Saturday, 8 January 2011

Capturing Art

From an article in today's Guardian:
I reflect sourly on what the great German philosopher Herbert Marcuse wrote about how instrumental rationality undermines the emancipatory possibilities of technology, reducing it to a tool for our domination. What I think he meant by this was that instead of using technology such as camera phones to make our lives richer, freer and happier, we stand like lumps doing something socially irritating and existentially pointless, thereby ruining the view for everyone else. We have become snappers on autopilot, slaves to our machines, clogging up cyberspace with billions of images that nobody in their right minds – not even the person who sent them – thinks are worthwhile.
It's a nice, open-ended reflection on the pros and cons of the increasing ubiquity of cameraphones.

Those of us who work as a soldier-ants in the entertainment industries, reliant on localised, short-term contracts are increasingly at the mercy of the ease of digital video capture and dissemination.
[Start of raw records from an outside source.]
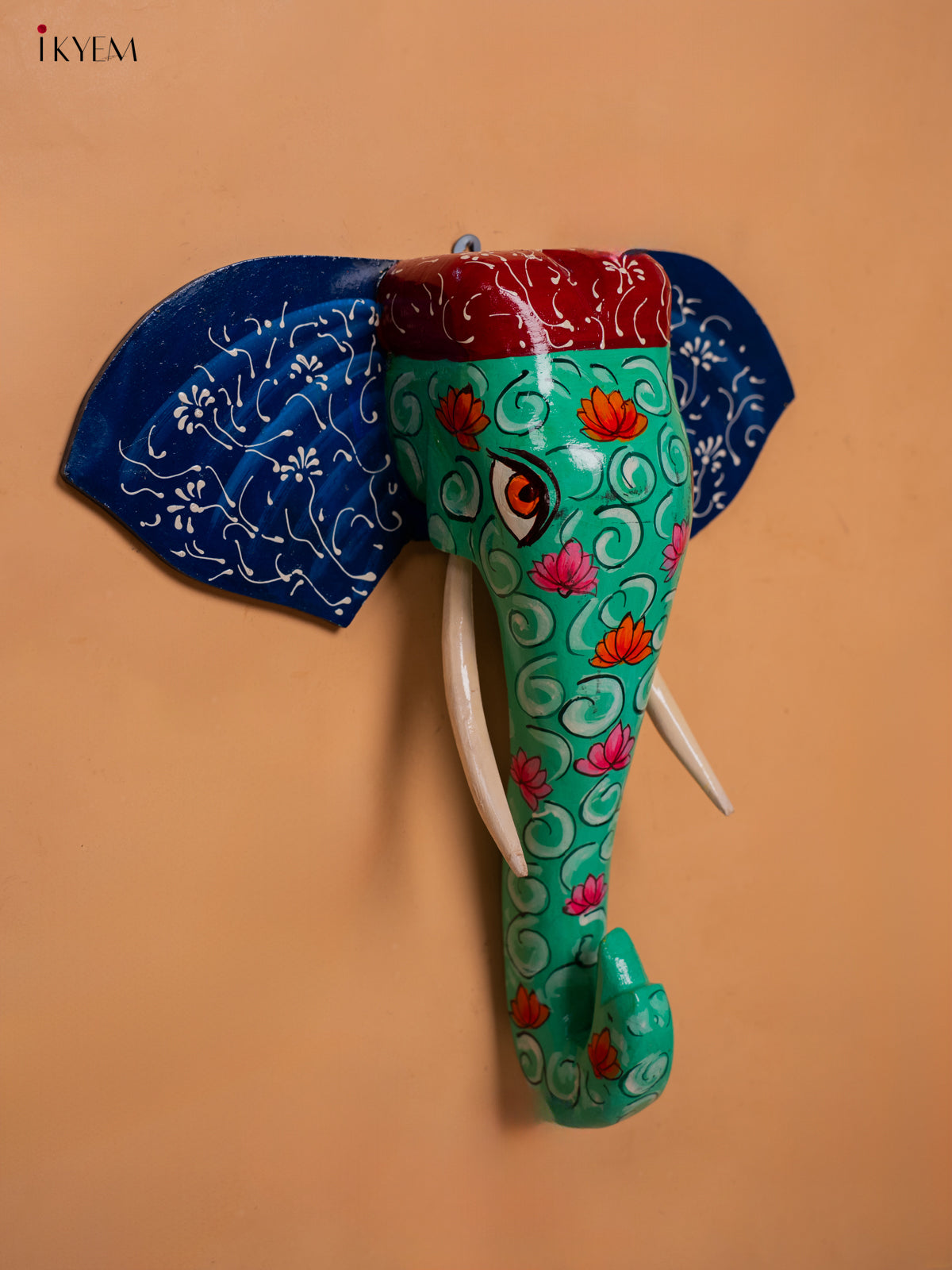 wooden hand painted elephant head with trunk green- 15 Inch - KC13125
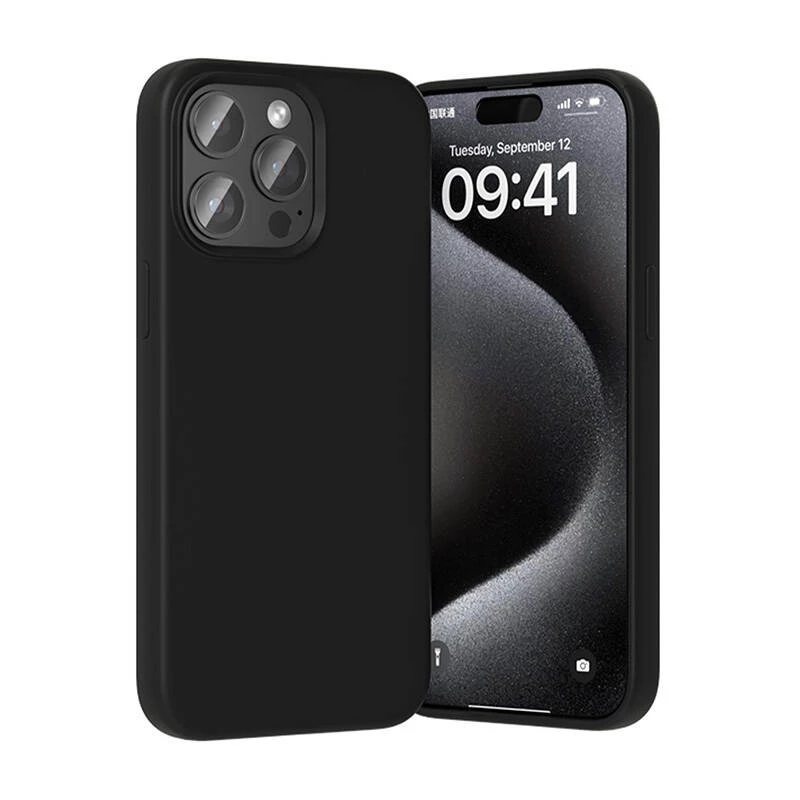 Schutzhülle aus Silikon Vention KUFB0-40 für iPhone 15 Pro Max — schwarze Soft-Touch-Hülle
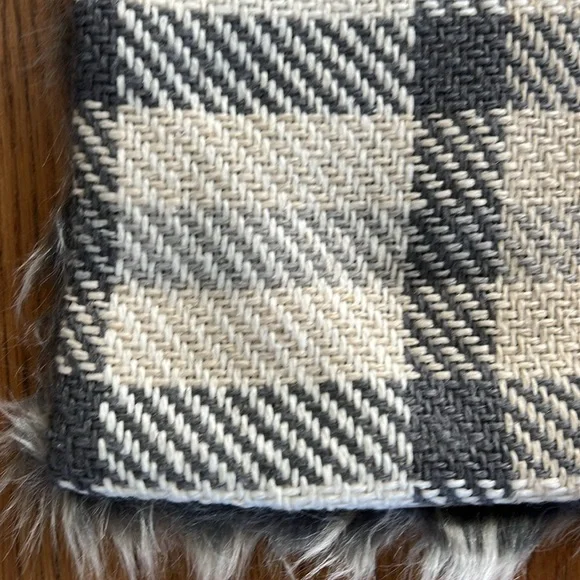 Pottery Barn Nottingham Plaid Faux Fur Back Lumbar Pillow Cover - Picture 6 of 9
I find it peculiar how the explosion of digital file-sharing over the past 10 years has revived live performance, only for those going in search of it trying to capture it as a audio-visual souvenir. It compromises not only their own experience but also that of others in the same situation. It simply isn't possible to have the live experience whilst trying to capture (and indeed distribute) it. Heisenberg had plenty to say on the subject.

Prince had the right idea, i.e. he was sanguine. I went to see him play the first night of his O2 residency in 2007. At the gate we were given the new album for free, just for turning up, such was the relatively low value of the CD in a global market climate where no-one was prepared to pay for it. Instead the big draw was the opportunity to see Prince perform live.
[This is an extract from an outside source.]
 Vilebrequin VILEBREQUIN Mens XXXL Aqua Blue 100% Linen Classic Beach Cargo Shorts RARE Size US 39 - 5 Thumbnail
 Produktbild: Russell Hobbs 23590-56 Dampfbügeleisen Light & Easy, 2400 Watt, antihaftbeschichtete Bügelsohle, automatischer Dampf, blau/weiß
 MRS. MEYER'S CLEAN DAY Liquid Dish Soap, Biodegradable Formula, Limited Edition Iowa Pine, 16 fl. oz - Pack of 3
Prior to the show, it was suggested that we didn't need to take photos or video footage during the show but that we should treasure the experience. This was an mature approach to getting people to enjoy themselves, accepting of those who would want to take some sort of souvenir (as well as those chancers prepared to bag themselves an old-fashioned bootleg). Consequently the atmosphere was super - hey, even I took a snap of the show (right). It's instructive that the film industry has produced pre-feature advertisements explaining why one shouldn't capture and reproduce the film. It stresses the 'cinematic experience'.

That's the right idea but in purely artistic terms rather disingenuous. The experience of seeing a film is basically limited to what's on a screen. Beyond that the only added value for a consumer comes with the DVD special features before the whole experience becomes a lasting, petrified anachronism.

All this boils down to an issue of media. Cinema is a mediated art form by its very nature, in the same way that much pop music is processed, even if only through amplification.

What is interesting to me in all this is that the inability to faithfully capture and reproduce the experience of acoustic entertainment will be the salvation of live performance, defying the 'convenience' of recording. It proves redundant (i.e. it won't sound so good on a PC or phone) and the peculiar nature of acoustic art is that it draws you in.

For the time being, those of us involved in live performance must continue to adopt a professional but sanguine position - to take pride in doing the best that we do as the most magnanimous foil against its consequent reception and use. That's art.